The following ‘story’ is most certainly an example of one of these, and, handily, also serves as a bit of a ‘fuck you!’ to all our detractors and haters, many of whom doubt the very existence of The Political Thesaurus.
So here, for your reading pleasure is “Chaos Theory”, coalition style.
Currently, as part of the new ‘big society’ meme presently propping up the east-wing of Coalition HQ, Cameron and Clegg have been dead keen to push their vision of ‘localism’, arguing that it's a brilliant and original way to combat the evils of central planning. It’s not necessarily a bad idea in itself (although, when we run it through TPT, it does offer ‘every fucker for themselves, except stunningly Tory areas, obviously’), but understandably, some are uneasy about the consequences of such a drastic step.
Indeed, some predict ‘chaos’, and then, understanding chaos, like most of us would, as ‘a state of utter confusion’, legitimately question such a strategy.
Enter Nicholas Boles, Tory MP for Grantham and Stamford, a man so beloved amongst governmenty types because he’s an “outrider” (TPT = ‘someone who talks and thinks in bollocks’), to clear up any confusion and lingering doubts.

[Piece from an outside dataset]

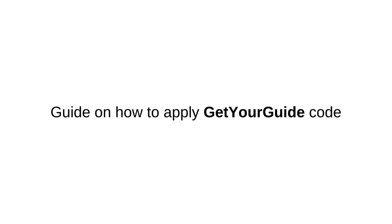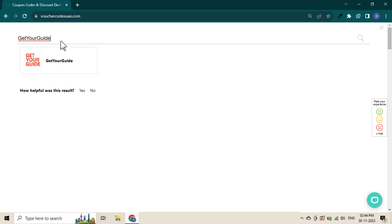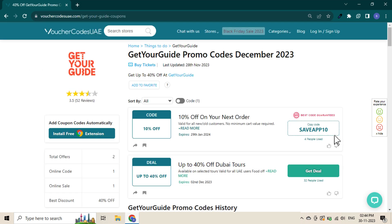This is a guide on how to apply a Get Your Guide code. Go to Voucher Codes UAE and search for Get Your Guide in the search bar. Browse through verified and tested codes, then click the code to copy it.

When pressed about whether such an approach would cause chaos, he responded thusly:
"I mean, bluntly, there comes a question in life. Do you believe planning works? That clever people sitting in a room can plan how people's communities should develop, or do you believe it can't work? I believe it can't work, David Cameron believes it can't, Nick Clegg believes it can't........”
*Drum roll.............*
“Chaotic therefore in our vocabulary is a good thing”.
Confused? Well, he goes further:
"Chaotic is what our cities are when we see how people live, where restaurants spring up, where they close, where people move to. Would you like to live in a world where you could predict any of that? I certainly wouldn't. So I want there to be chaotic in the sense I want lots of organisations doing different things, in different areas."

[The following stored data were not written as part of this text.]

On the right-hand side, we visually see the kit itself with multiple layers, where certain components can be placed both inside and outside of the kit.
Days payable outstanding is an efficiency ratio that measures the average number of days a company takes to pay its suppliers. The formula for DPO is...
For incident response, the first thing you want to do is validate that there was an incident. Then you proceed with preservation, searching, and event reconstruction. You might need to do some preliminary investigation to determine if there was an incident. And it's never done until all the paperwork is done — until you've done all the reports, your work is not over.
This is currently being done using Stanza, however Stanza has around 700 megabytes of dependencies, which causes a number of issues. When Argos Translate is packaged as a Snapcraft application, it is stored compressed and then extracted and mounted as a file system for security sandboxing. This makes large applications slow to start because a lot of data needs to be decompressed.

There you go, folks, conclusive proof that The Political Thesaurus exists. And that it’s being used. Because, even though every single one of us here would pick up a dictionary or thesaurus and get the distinct impression that ‘chaos’ implies, at best, a state of affairs that would prove a wee bit troubling, Nicholas Boles reckons it’s ‘a good thing’, having as it does, something to do with millions of restaurants opening, or some such shit......!!